### Problem requirements
Please transcribe the entries exactly and omit the images they contain.

Recorded data:
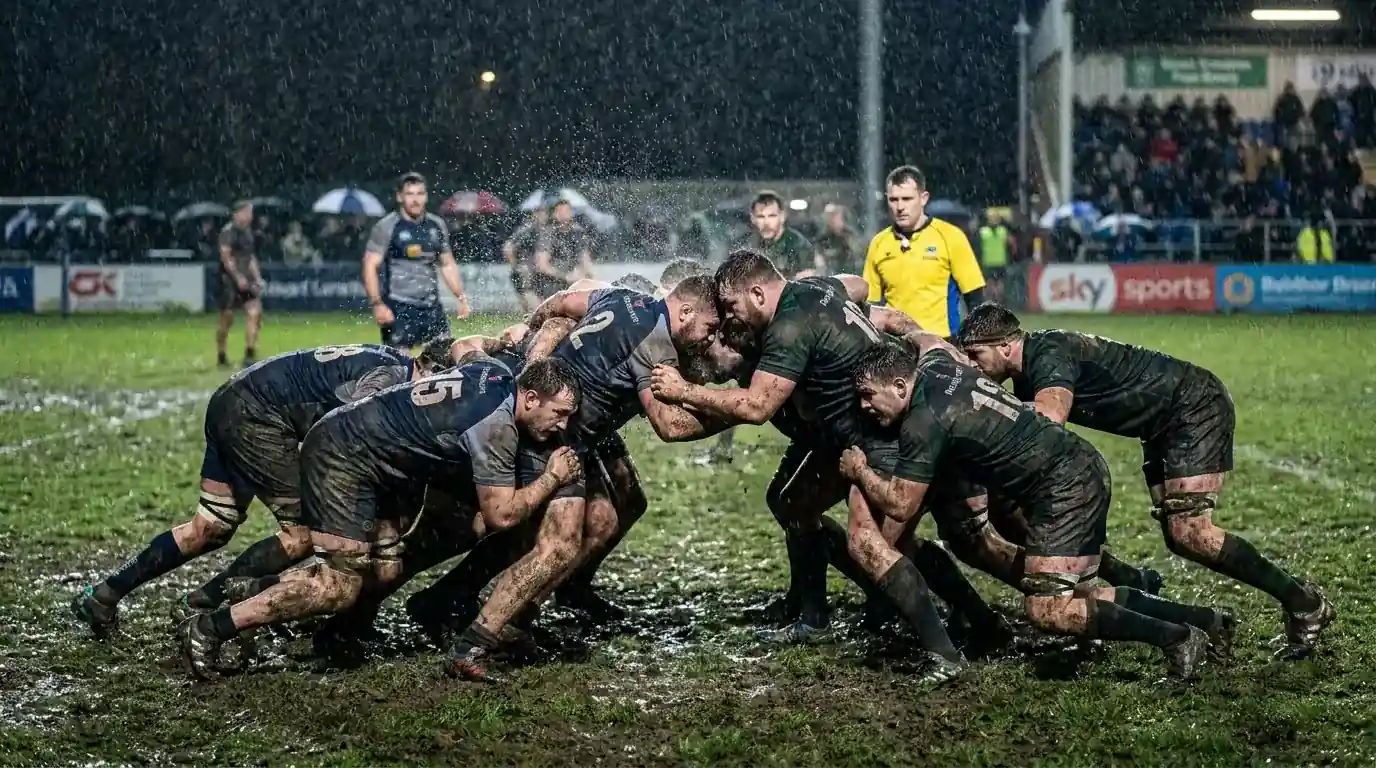 Partita di rugby disputata sotto la pioggia con campo bagnato e mischia chiusa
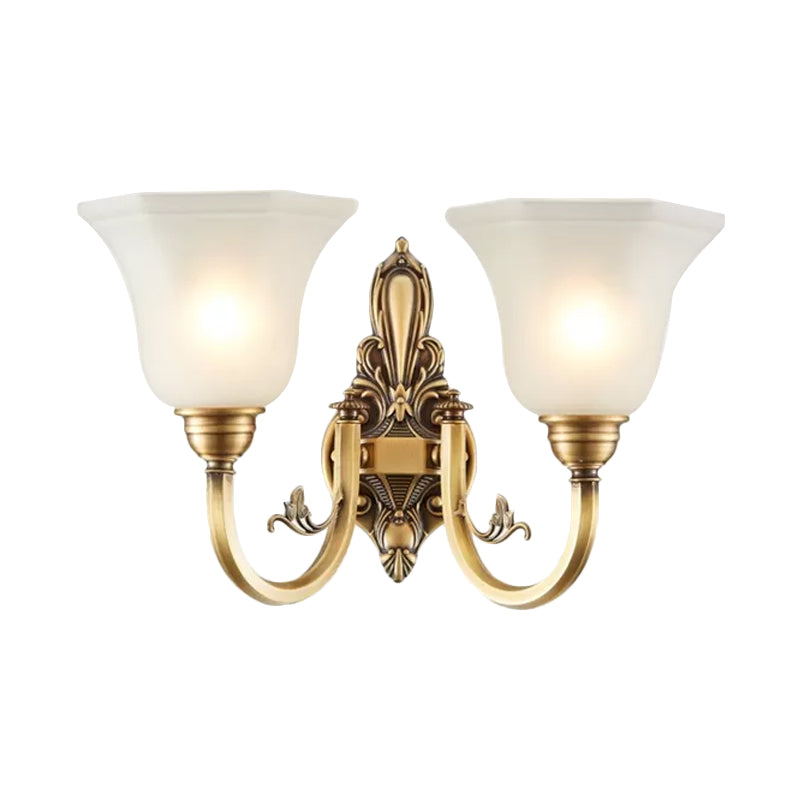 Curved Arm Corridor Wall Lamp Traditional Metal 1/2-Head Brass/Black and Gold Sconce Light with Flared Frosted Glass Shade Clearhalo 'Wall Lamps & Sconces' 'Wall Lights' Lighting' 781043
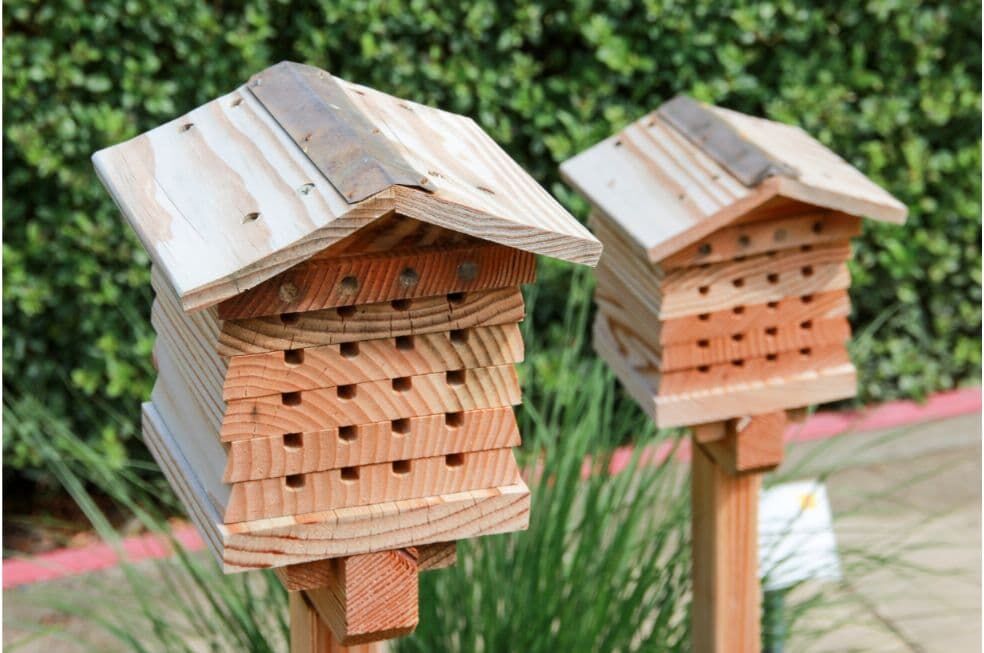 drewniane domki dla owadów z małymi dziurami postawione na drewnianych nóżkach w ogrodzie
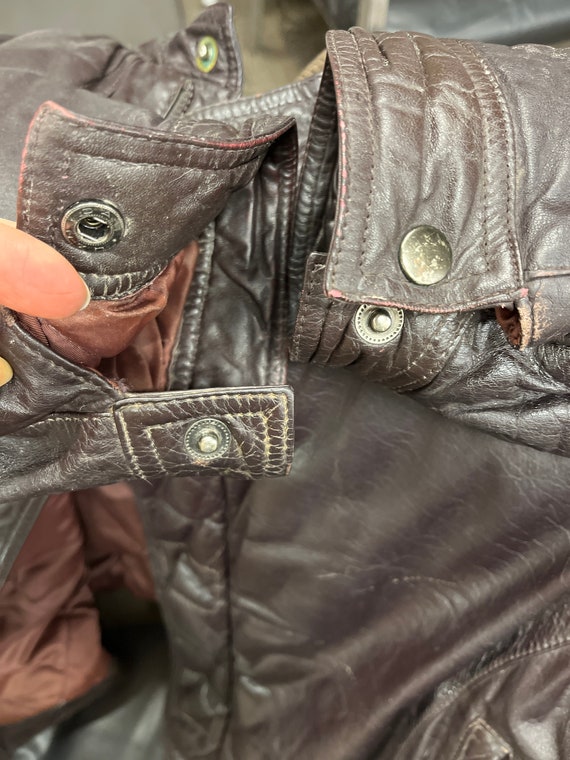 Members Only Brown Leather Bomber Jacket Size 44 Everyday Jacket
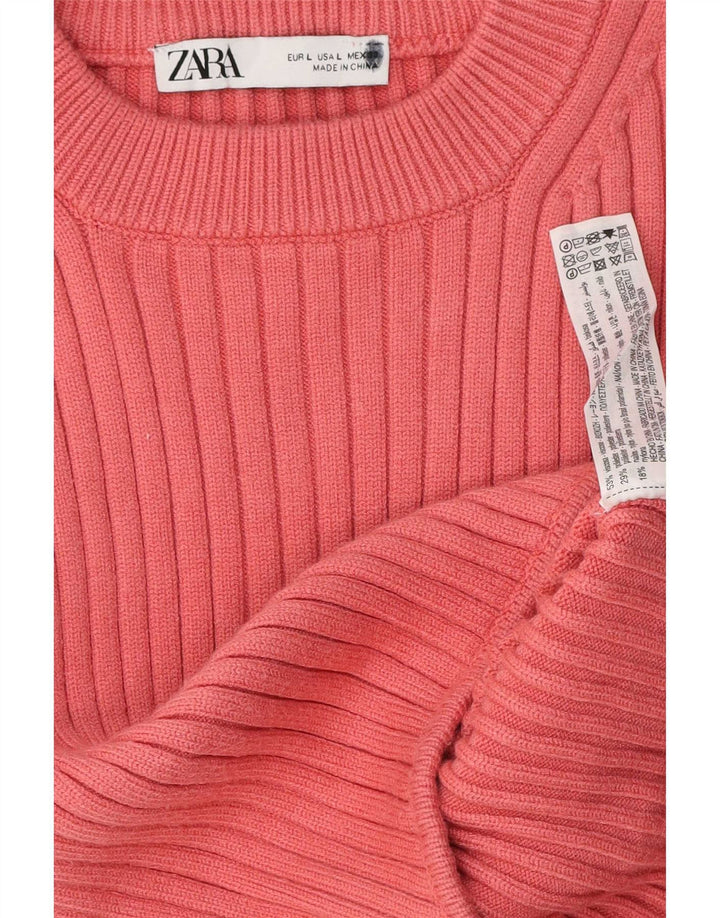 Top Zara da donna a maniche lunghe UK 14 Large rosa in viscosa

### Answer for the task
 Partita di rugby disputata sotto la pioggia con campo bagnato e mischia chiusa
 Curved Arm Corridor Wall Lamp Traditional Metal 1/2-Head Brass/Black and Gold Sconce Light with Flared Frosted Glass Shade Clearhalo 'Wall Lamps & Sconces' 'Wall Lights' Lighting' 781043
 drewniane domki dla owadów z małymi dziurami postawione na drewnianych nóżkach w ogrodzie
 Members Only Brown Leather Bomber Jacket Size 44 Everyday Jacket
 Top Zara da donna a maniche lunghe UK 14 Large rosa in viscosa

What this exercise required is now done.